Confiscate the banks!

Submitted by Matthew on 18 February, 2015 - 12:58 Author: Editorial

A thousand, a million, a billion, a trillion? Paradoxically, one of the ways the HSBC bank can hope to ride out the current storm is that the numbers are so far beyond experience for most of us that we glaze over.

HSBC is under fire because of documents which have filtered through to the Guardian which show that a Swiss subsidiary facilitated, helped, and even prompted tax avoidance and money-laundering.

About £80 billion was held in those Swiss bank accounts. That’s the equivalent of £3000 for each household in the UK. If the money had been taxed at a high rate, we’d be visibly better off.

HSBC and other banks have already got into lots of trouble for other shady dealings. Over the five years 2009-13, since the 2008 crash put banks under closer scrutiny, HSBC and three other big British banks, RBS, Barclays, and Lloyds, have paid or set aside £36 billion for fines or settling claims for misdeeds.

That’s £1,400 for each household in the UK.

These figures are cash wealth — “money in the bank” — which, for most people, is a small proportion of total assets.

Cash wealth is unequally distributed. Consider just notes and coins: about £60 billion worth is held by households. That’s an average of £2,300 per household. If you consider that most households will have much less than £100 cash-in-hand at a given time, that tells you how much cash the rich keep. Bank deposits average £23,000 per household, and that is just the money in UK banks, not counting what is hidden away in Switzerland or the Cayman Islands.

On the latest figures, total household wealth in the UK is £9.5 trillion.
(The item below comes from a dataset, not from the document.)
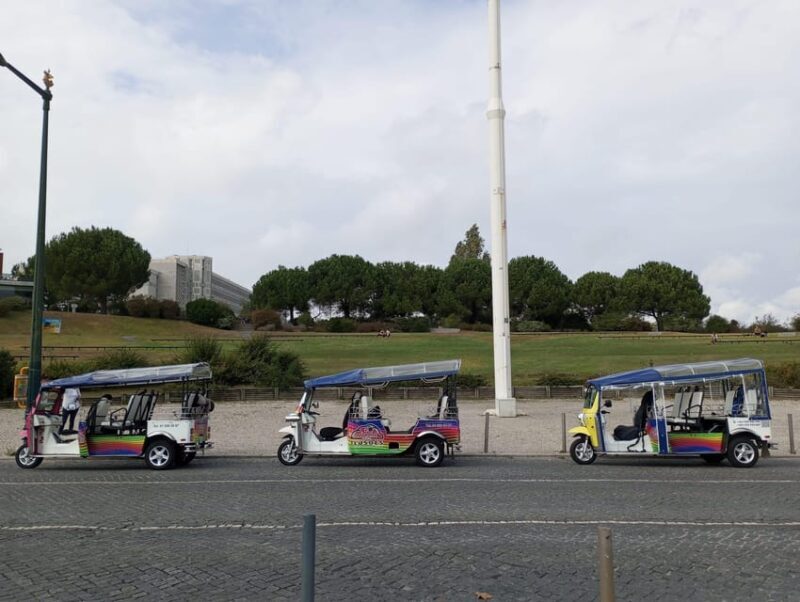 Exclusive Half-Day Lisbon Tour by Tuk Tuk - Who Is This Tour Best For?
A large part of that is homes which people own or part-own: the disposable, fluid wealth is only part of it. The £9.5 trillion is an underestimate, because many of the super-rich hold their loot not as “household wealth” but in the formal ownership of companies and trusts which they control.

Even with the underestimate, though, official figures show that the top 10% own 44% of that household wealth. If the wealth of the top 10% were distributed evenly, then the average household would be 60% better off.

Another set of figures shows the total value of different sorts of physical assets. Pro rata for each household in the UK, those are (on latest National Statistics figures, more up to date than those quoted in Solidarity last week) £160,000 worth of housing; £60,000 worth of factory, office, etc. buildings; £28,000 of machinery and equipment.

The financial assets of the banks greatly exceed those totals. Banks hold around £20 trillion in financial assets — enough to buy up all the country’s physical assets three times over — or the equivalent of about £800,000 for each household in the UK.

Out of those assets flow huge incomes for individuals. Bankers’ bonuses over the five years to 2014 totalled about £80 billion. Or, to put it another way, over those five years about £3000 was extracted from the labour of the average household to expand the luxury of just a few bankers.

It’s not just financiers. Bosses of the top 350 companies average £1.9 million a year each in pay, bonuses, and other deals; bosses of the top 100 companies, £2.8 million.

The banks are the pinnacle of a system in which the majority labour — on a living wage if we’re lucky, less if we’re not, but in any case no more than we need to keep going — in order to create ever-more-dizzying wealth for a tiny minority.

Seize the billions! Stop the exploitation! Put social wealth under social control!